I skipped the line, I paid my dime

In an effort to both clean up this site a little and cross-pollinate my stuff, I edited this home page slightly. I've added a list of cats we have up for adoption, which I assume I'll keep updated as needed. Now, normally we only advertise for cats who are currently under our roof, and several of these cats are not technically residents. But they live right outside among the ferals, but have proven themselves tame and friendly enough to warrant a mention. I've also included longtime holdouts Augie and Marbles; I don't really think they'll get adopted as they are really bad at selling themselves ... and we've sort of gotten attached to them in the meantime. But hey, if the right people come along, who knows? So that leaves Spike and Haley as 'classic' adoptable cats, living with us but with every intention to move them out once we find a decent home.

Spike is still with us, we've decided he can only go to a home as an only-cat. He just doesn't get along with other cats well enough. He's a real people-pleaser otherwise. Haley finally got spayed a few days ago, so she's all set. I'm having a hard time describing her personality since most of the time we had her she was in heat. She's very different now that she's not constantly rolling around yowling, holding her butt up in the air and running in place. Time will tell.

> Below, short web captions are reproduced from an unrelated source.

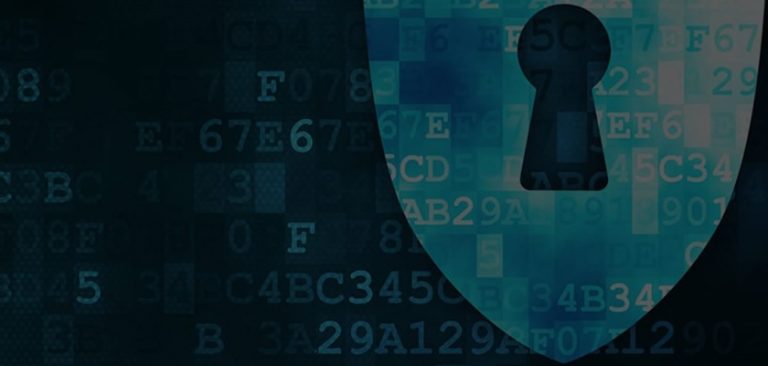 LA CIBERSEGURIDAD Y PRIVACIDAD, UNA OPORTUNIDAD DESAPROVECHADA EN EL SECTOR RETAIL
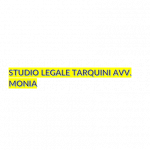Studio Legale Tarquini Avv. Monia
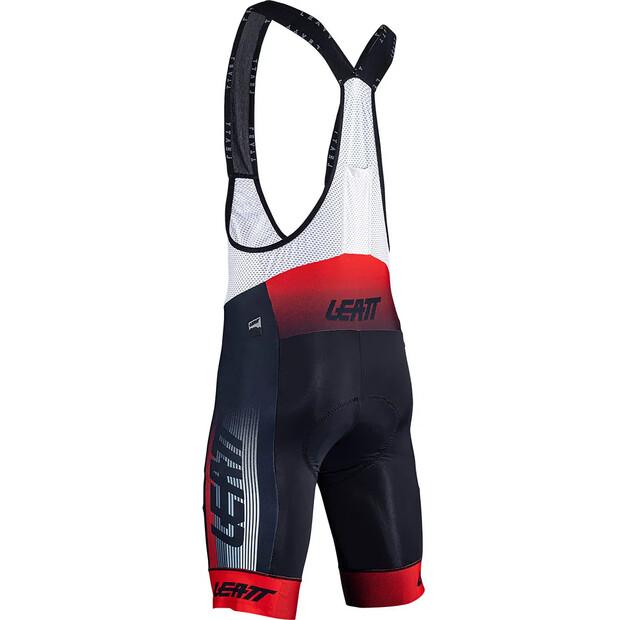 Leatt Шорты базового слоя MTB 6.0 Endurance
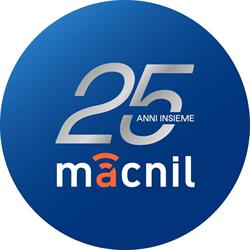 Macnil GT Alarm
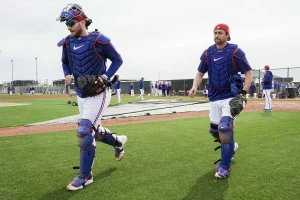 Guardians’ Bullpen Shines Despite Emmanuel Clase Fallout
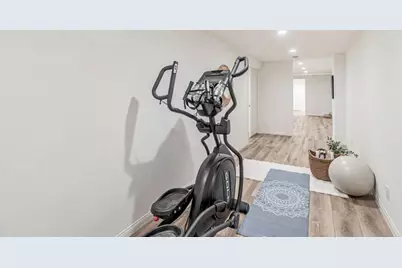 222 Oakley Ave, San Carlos, CA 94070 - Photo 99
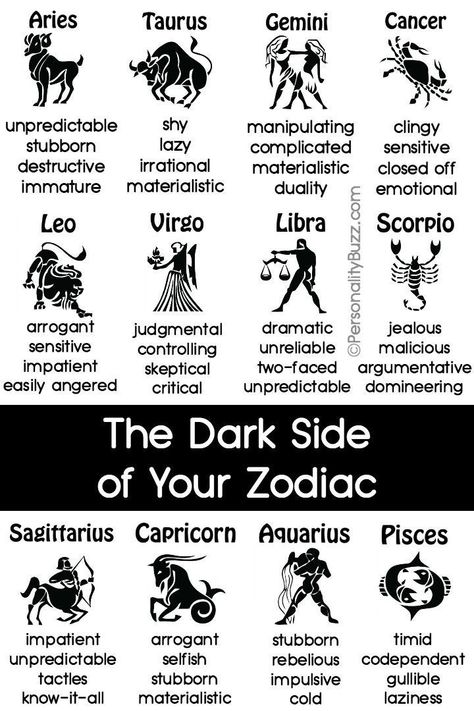 Astrology Numerology, Zodiac Sign Traits, Zodiac Personalities, Zodiac Society, Sagittarius And Capricorn, Zodiac Signs Horoscope, Zodiac Signs Funny, Moon Signs, Zodiac Star Signs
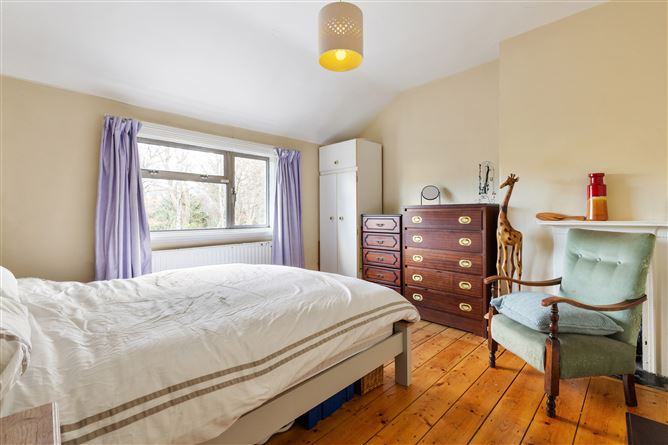 55 Tyrconnell Park, Inchicore, Dublin 8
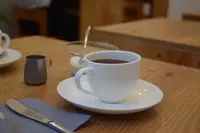 buikの写真・動画_image_275916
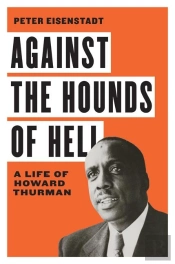 Against The Hounds Of Hell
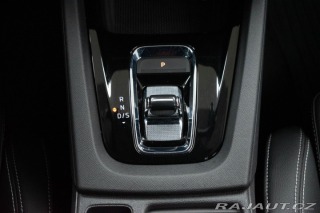 Škoda Octavia RS 2.0 TSI TAŽNÉ*WEBASTO* 2021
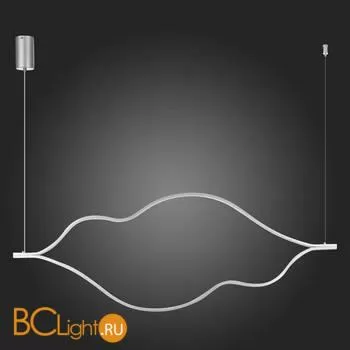 Подвесной светильник ST Luce Cortile SL6106.103.65 - Фото 2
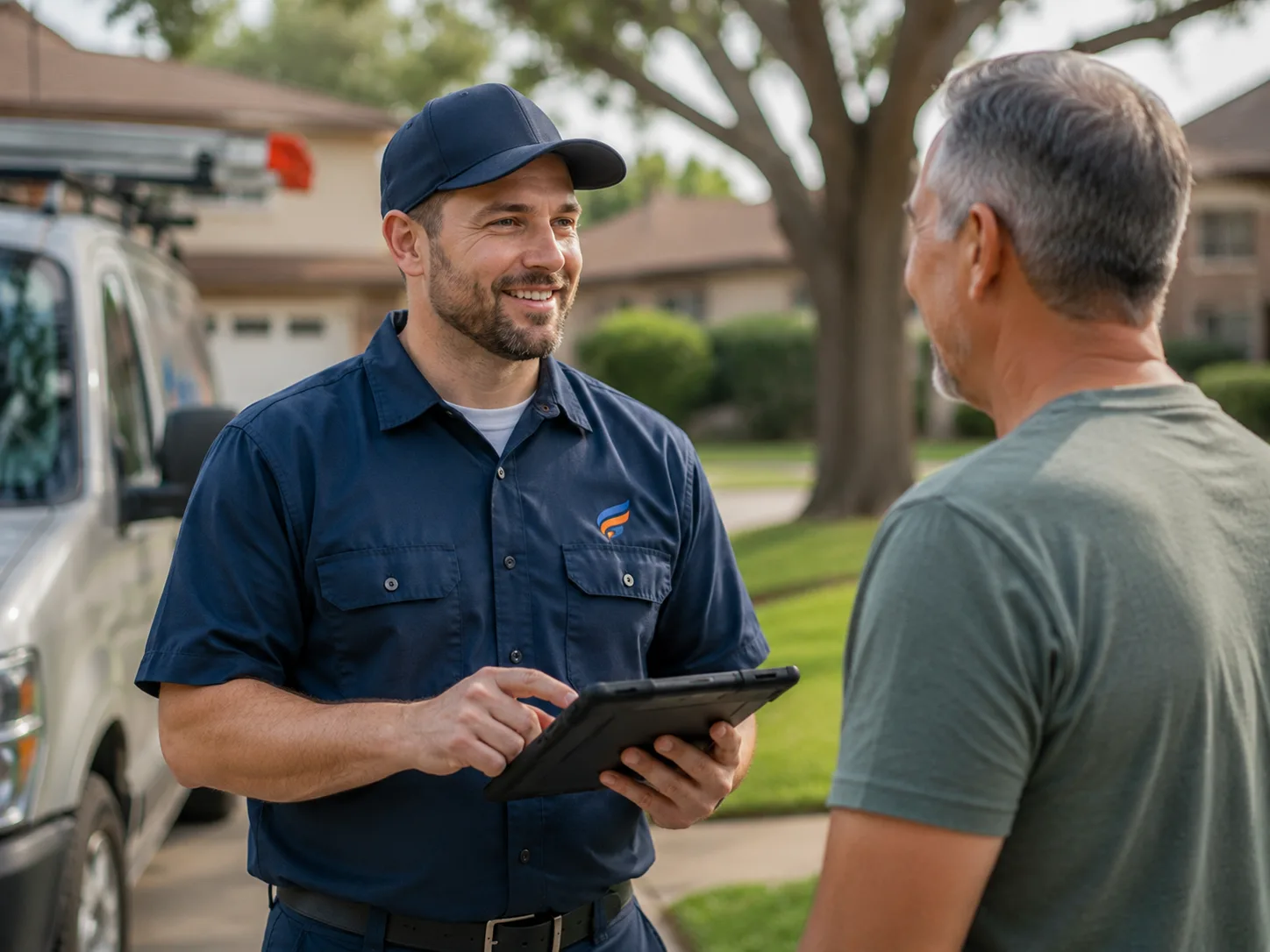 Emergency Plumber Near Me Centerville, AR FAQs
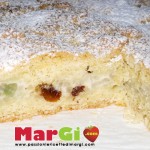 crostata-con-ricotta-e-canditi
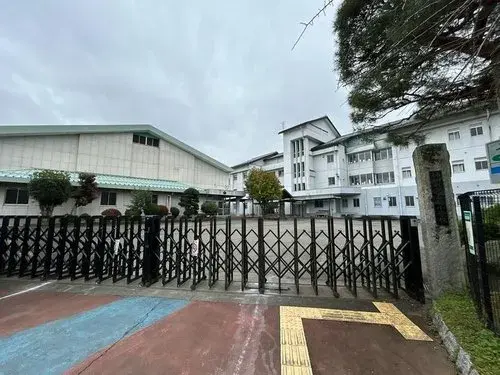 Propiedad 3LDK Kamikawa-machi Prefectura de Saitama (25)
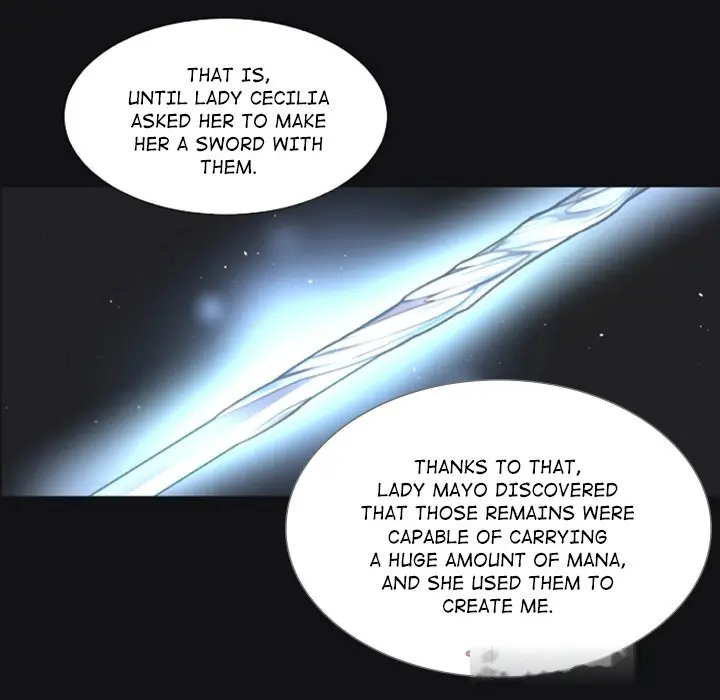 Anz Chapter 102 - Page 20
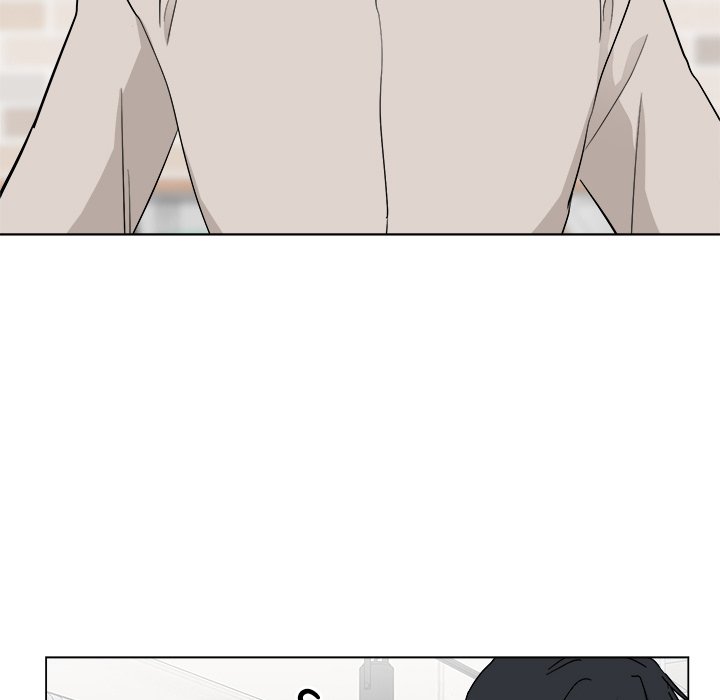 Read Secrets Between the Sheets chapter 45 image 50 on Lezhin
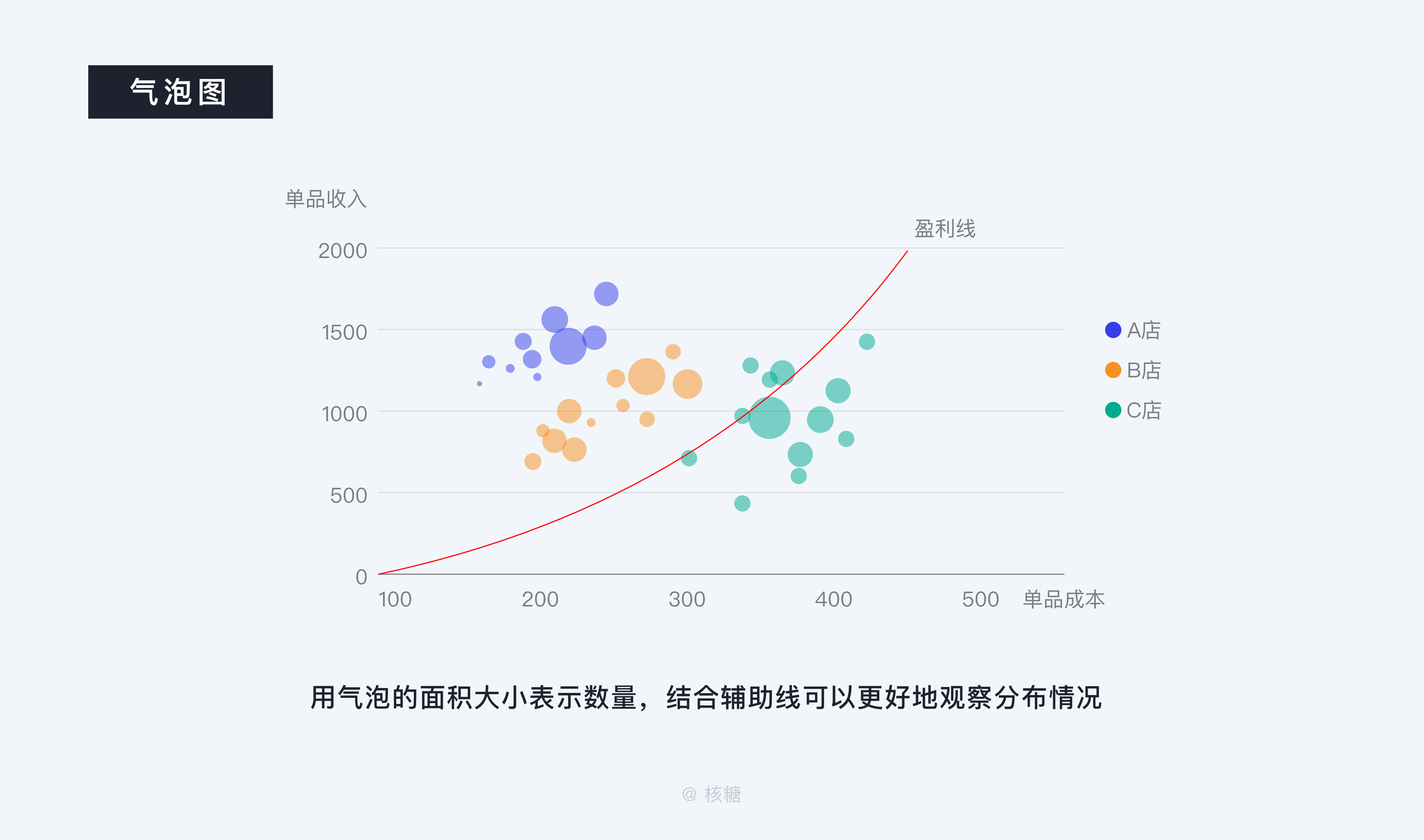 澳门六播，开奖结果查询最新消息表与深度解析澳门六播 开奖结果查询最新消息表最新版全文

You may also note Ainslie on the adoption list, he's a recent TNR guy who just decided to reveal how tame he is as well. I kinda figured he was tame but I thought it would take months to win him over. Naw; just a plate of canned food did it. The number of tame cats around is setting a dangerous precedent (namely, our house full of tame cats) so we're trying to be more aggressive with the adoptions. If we can't find a good home for Spike, we're campaigning to get him in on an Empty Cages Collective Adoption Event, which have a great track record for finding homes. Haley will also get in on this, although there's a waiting list for getting in. How New York.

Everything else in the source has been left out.